**WORK TO BE COMPLETED:** The only acceptable output is every entry, printed exactly.

**Stored items from a collection:**

********************

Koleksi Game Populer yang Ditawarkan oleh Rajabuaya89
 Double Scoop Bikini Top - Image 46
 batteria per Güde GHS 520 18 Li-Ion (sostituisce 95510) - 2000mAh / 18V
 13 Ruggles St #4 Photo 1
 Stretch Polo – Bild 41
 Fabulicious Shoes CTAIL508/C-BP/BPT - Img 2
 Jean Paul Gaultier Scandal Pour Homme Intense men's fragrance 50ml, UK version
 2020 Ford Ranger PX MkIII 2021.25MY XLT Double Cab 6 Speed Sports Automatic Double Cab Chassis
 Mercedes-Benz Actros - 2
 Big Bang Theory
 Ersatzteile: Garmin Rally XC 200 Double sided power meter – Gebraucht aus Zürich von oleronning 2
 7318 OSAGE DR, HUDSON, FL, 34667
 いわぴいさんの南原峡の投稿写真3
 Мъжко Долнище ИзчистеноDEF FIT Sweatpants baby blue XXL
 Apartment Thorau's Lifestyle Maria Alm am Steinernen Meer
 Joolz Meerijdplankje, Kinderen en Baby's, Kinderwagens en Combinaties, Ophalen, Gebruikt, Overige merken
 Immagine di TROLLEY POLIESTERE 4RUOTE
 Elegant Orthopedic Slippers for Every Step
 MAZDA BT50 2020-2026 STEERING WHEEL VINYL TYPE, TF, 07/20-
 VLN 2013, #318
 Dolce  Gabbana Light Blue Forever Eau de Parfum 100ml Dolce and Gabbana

********************

**TASK SOLUTION:**
Koleksi Game Populer yang Ditawarkan oleh Rajabuaya89
 Double Scoop Bikini Top - Image 46
 batteria per Güde GHS 520 18 Li-Ion (sostituisce 95510) - 2000mAh / 18V
 13 Ruggles St #4 Photo 1
 Stretch Polo – Bild 41
 Fabulicious Shoes CTAIL508/C-BP/BPT - Img 2
 Jean Paul Gaultier Scandal Pour Homme Intense men's fragrance 50ml, UK version
 2020 Ford Ranger PX MkIII 2021.25MY XLT Double Cab 6 Speed Sports Automatic Double Cab Chassis
 Mercedes-Benz Actros - 2
 Big Bang Theory
 Ersatzteile: Garmin Rally XC 200 Double sided power meter – Gebraucht aus Zürich von oleronning 2
 7318 OSAGE DR, HUDSON, FL, 34667
 いわぴいさんの南原峡の投稿写真3
 Мъжко Долнище ИзчистеноDEF FIT Sweatpants baby blue XXL
 Apartment Thorau's Lifestyle Maria Alm am Steinernen Meer
 Joolz Meerijdplankje, Kinderen en Baby's, Kinderwagens en Combinaties, Ophalen, Gebruikt, Overige merken
 Immagine di TROLLEY POLIESTERE 4RUOTE
 Elegant Orthopedic Slippers for Every Step
 MAZDA BT50 2020-2026 STEERING WHEEL VINYL TYPE, TF, 07/20-
 VLN 2013, #318
 Dolce  Gabbana Light Blue Forever Eau de Parfum 100ml Dolce and Gabbana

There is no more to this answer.